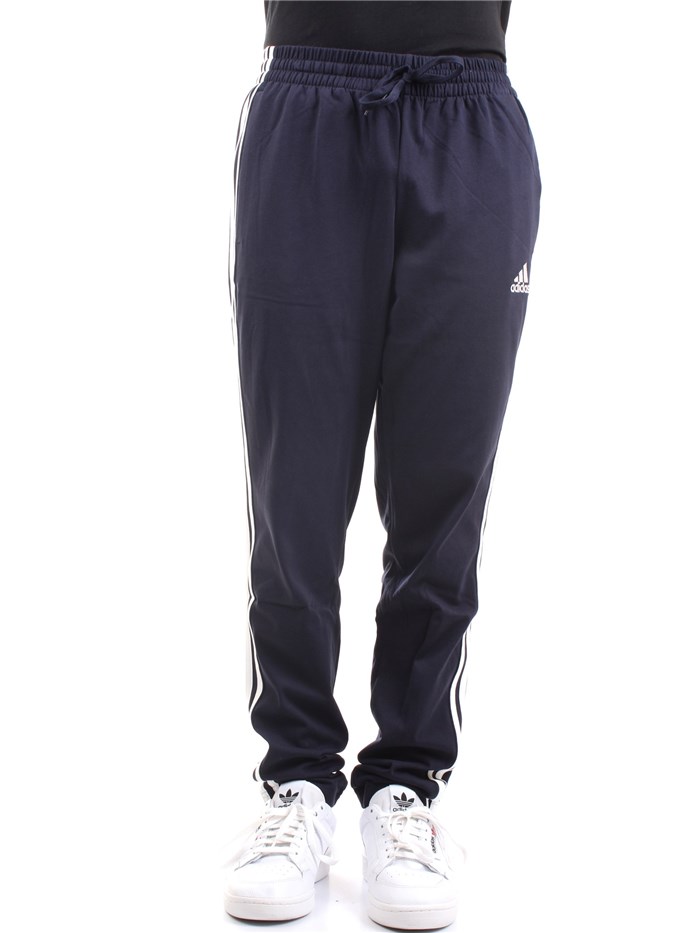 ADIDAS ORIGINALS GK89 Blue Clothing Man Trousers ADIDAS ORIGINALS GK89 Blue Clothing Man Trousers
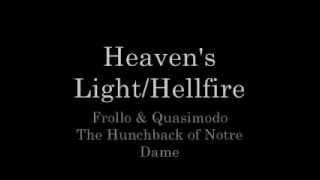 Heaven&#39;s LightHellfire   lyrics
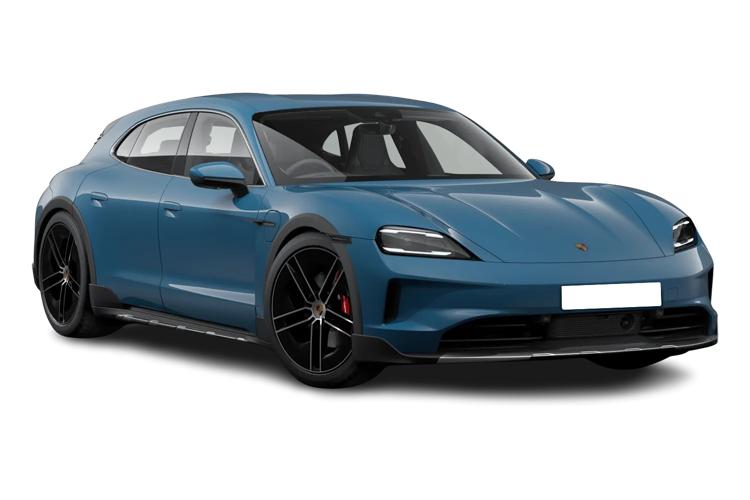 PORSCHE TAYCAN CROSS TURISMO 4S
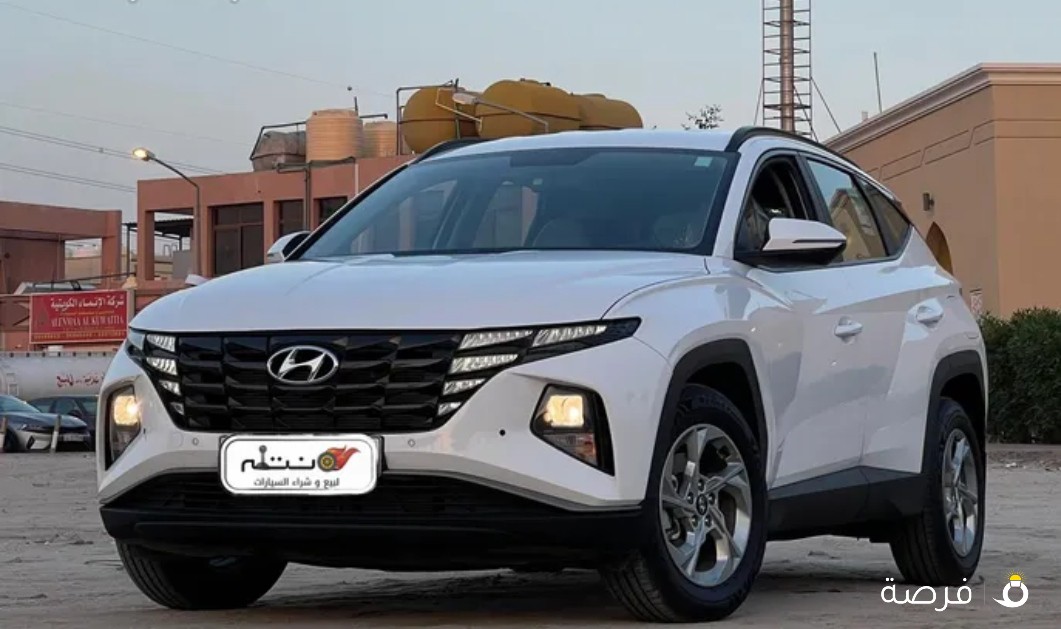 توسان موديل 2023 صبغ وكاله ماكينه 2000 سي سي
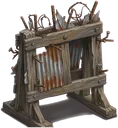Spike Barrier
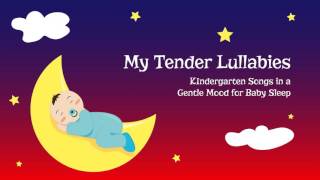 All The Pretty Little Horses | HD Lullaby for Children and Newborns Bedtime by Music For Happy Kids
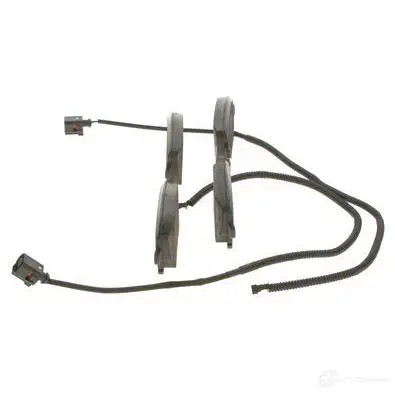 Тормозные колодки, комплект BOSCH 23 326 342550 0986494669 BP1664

- [WHAT TO DO]
Output each line of the records exactly. Any picture is skipped.

- [OUTPUT FOR THIS TASK]
 ADIDAS ORIGINALS GK89 Blue Clothing Man Trousers ADIDAS ORIGINALS GK89 Blue Clothing Man Trousers
 Heaven&#39;s LightHellfire   lyrics
 PORSCHE TAYCAN CROSS TURISMO 4S
 توسان موديل 2023 صبغ وكاله ماكينه 2000 سي سي
Spike Barrier
 All The Pretty Little Horses | HD Lullaby for Children and Newborns Bedtime by Music For Happy Kids
 Тормозные колодки, комплект BOSCH 23 326 342550 0986494669 BP1664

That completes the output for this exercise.